And of course I’ve seen the cricket. Thirty years ago, I arrived in the wake of Sunil Gavaskar’s great double hundred at the Oval, and found that topic an easy entry-point to conversation with Indians. Since then I’ve witnessed international cricket at the great venues (and was lucky enough to catch Azharuddin’s maiden Test century at Eden Gardens) and observed Indian cricket transmogrified. Best of all, I’ve stared mesmerised at countless games of informal cricket, on maidans and in galis, on industrial waste ground, palmy beaches and once on the verge of a precipice high in Lahaul. It was truly six-and-out.

Amid all the precious memories – the dome of Sanchi in a saffron dusk, the twin Muslim-Hindu shrines to Kabir in Magahar, “that cursed place” – much of what I’ve seen in India over the decades has disturbed and angered me. Liberalisation’s inequalities and corruptions; environmental degradation on a scale unimagined thirty years ago; the malign impact of Hindutva and the Sangh parivar; the bellicosity towards Pakistan, now going through another acute and perilous phase. When I first encountered this phenomenon in 1979 I was shocked by its ferocity and cynicism, its vain chauvinism, and I still am.

India proved a jumping off point for Pakistan – walking through a mist across an eerily quiet Wagah border – and my visits there proved eye-opening and hugely rewarding. Among other things, they expanded my understanding of India. If I had one piece of advice for a young Indian with an itch to travel it would be: get yourself to Pakistan, overcoming if you can all the obstacles that will be put in your path.

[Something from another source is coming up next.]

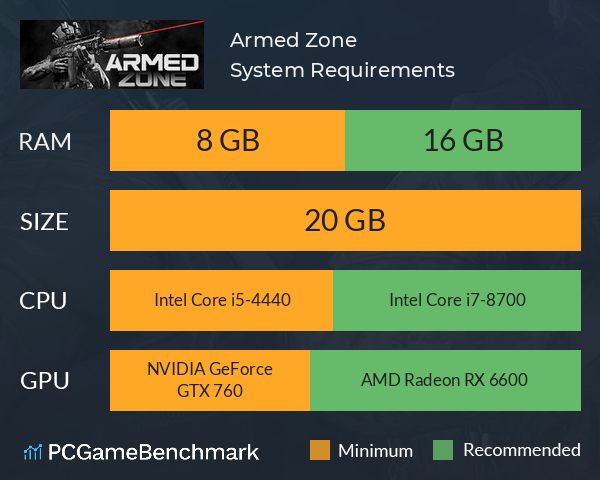 Armed Zone System Requirements PC Graph - Can I Run Armed Zone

Travel actually doesn’t always broaden the mind, especially not these days, when it can be so easy: the transition from one environment to another is softened, sometimes obliterated in the air-con. I met a wealthy American lady who’d been globe-trotting for years – through Europe, Asia and south America – and all she could talk about was the various but universally unsatisfactory toilet conditions she had encountered.

As for me, I’ll be celebrating this 30th anniversary with gratitude and some surprise at my luck. My experiences in south Asia have shaped and (I like to think) widened my understanding of the world. My writing, political activism and personal life would all have been different had I not bumped into that friend on his way back from a holiday trek in Nepal.

Finally, a footnote plea to the Indian tourism industry (which I know will fall on deaf ears). Forget about swelling the ranks of 5 star hotels and concentrate on preserving and creating access to the country’s cultural patrimony.

For a society in which “heritage” and debates about it readily acquire acute political resonance, India displays a remarkable indifference to its actual, physically existing heritage. Despite the efforts of the ASI, innumerable sites of historic and cultural interest are neglected or inaccessible. Urban quarters of distinctive character are crushed beneath bulldozers or smothered in pollution. In small towns, statues of freedom fighters stand forlorn, chipped and scuffed, their achievements left unexplained. The heart sinks at what’s been lost in Calcutta in recent years. Yes, many old buildings were in severe dilapidation. But demolition wasn’t and isn’t the only alternative. Other cities with rotting inner areas have shown that restoration and imaginative renewal can work. The problem is that this is not an attractive proposition for greedy developers.